Problem requirements:
Drop the pictures from the entries below, then reproduce the rest exactly.

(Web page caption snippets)
==================================================

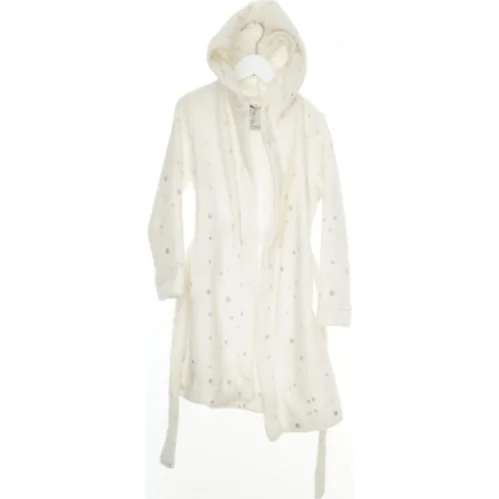 Hvid badekåbe med hætte fra H&M (str. 128)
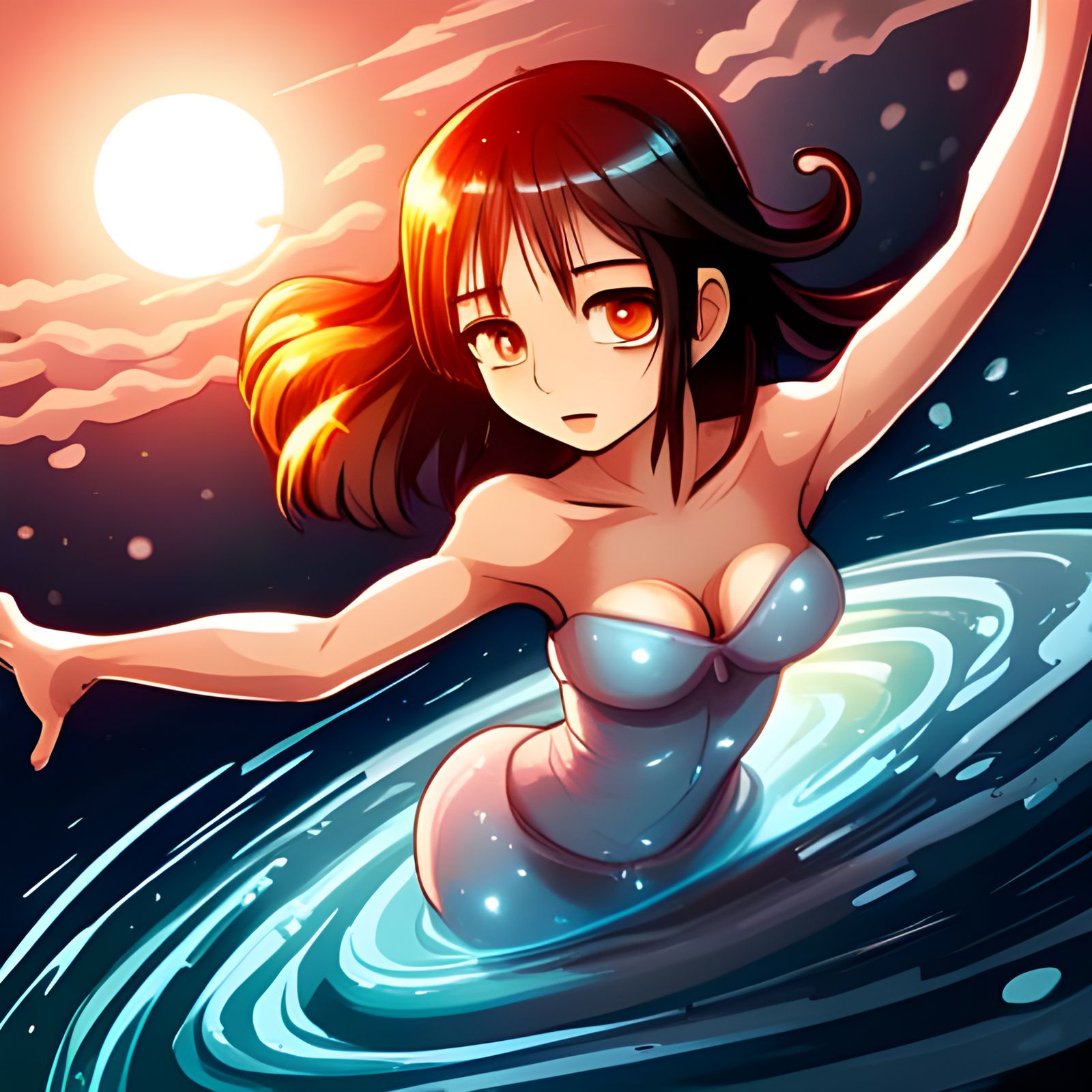 Water Girl 4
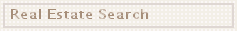 Real Estate Search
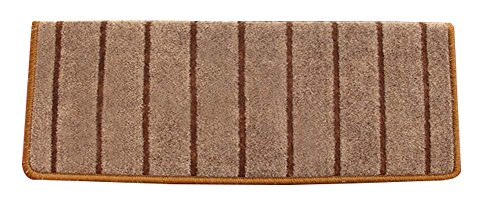 Rayures de café Tapis d'escalier Tapis Tapis d'...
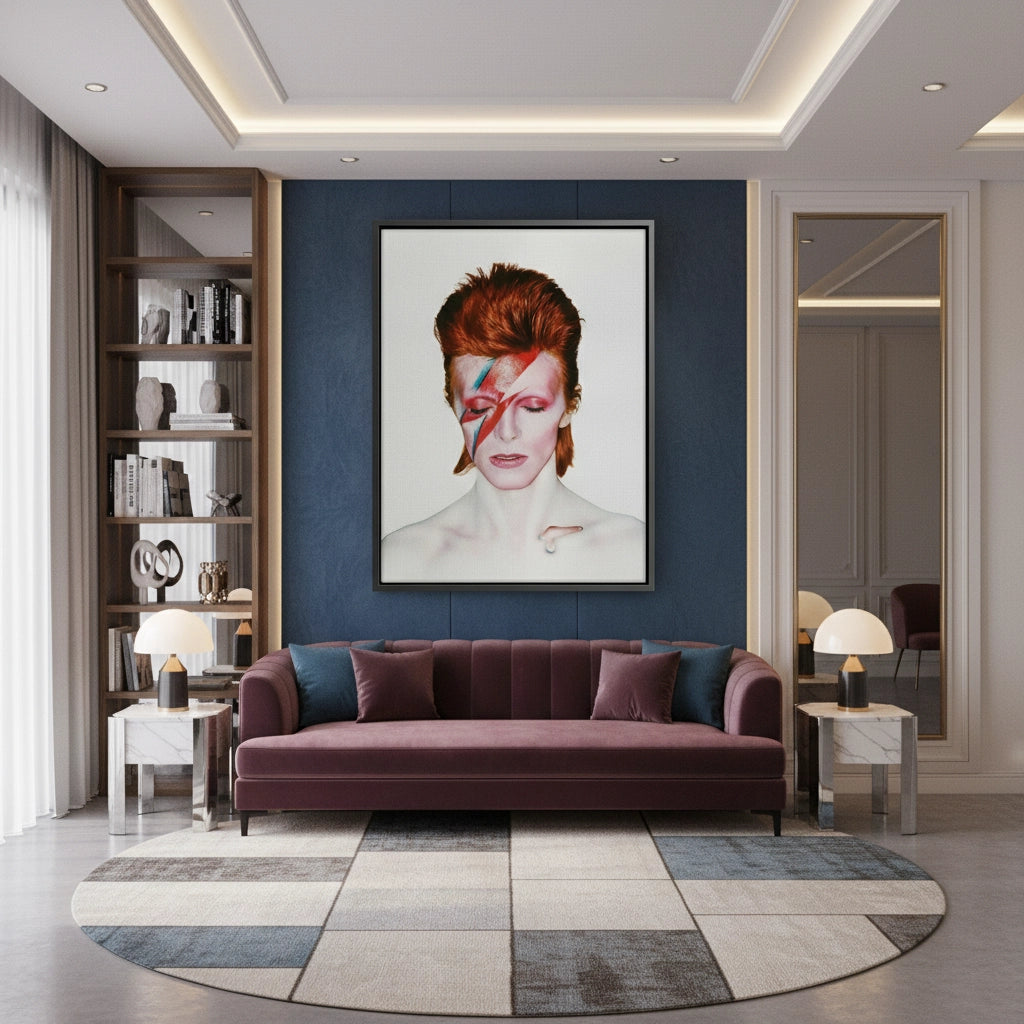 2David Bowie Aladdin Sane - Canvas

==================================================

Written answer:
 Hvid badekåbe med hætte fra H&M (str. 128)
 Water Girl 4
 Real Estate Search
 Rayures de café Tapis d'escalier Tapis Tapis d'...
 2David Bowie Aladdin Sane - Canvas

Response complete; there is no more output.